If you can afford it, it's better to get the fastest one possible. BRUTAL instant acceleration is actually a great safety feature. It can help avoid getting t boned or rear ended in certain situations when there's no traffic in front of you.
The accelerator is still linear and analog in all production cars so can accelerate as gently as you want. Even a 300+ mph Bugatti Chiron Super Sport can accelerate as gently as a non plugin Prius in ev mode if needed.


----------



## TomTheAnt (Jan 1, 2019)

Been driving this for the last week, or so, and the stock 3.6 0-60 is pretty damn exhilarating. I've seen people get even sub-3 second times in pretty much stock configuration.

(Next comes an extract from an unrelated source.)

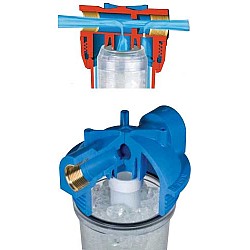 Prévention de la chaux et de la corrosion dans les bâtiments résidentiels Prévention de la chaux et de la corrosion dans les bâtiments résidentiels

Yeah, it's nice to have something that gets up to speed fast, but for me the ability to take a nice spirited cruise on a winding back road is much more fun than just pure acceleration and top speed. Guess I'm getting old... &#129335;‍♂

That damn thing is almost as long as my RS rig in the background. :roflmao:


----------



## June132017 (Jun 13, 2017)

The cars are already going way too fast! R.I.P Paul Walker and R.I.P Ryan Dunn. 

A man got out of jail about 5-10 years ago and he was in there for 25 years. He couldn't believe how fast cars accelerated in recent times compared to when he went into jail.


----------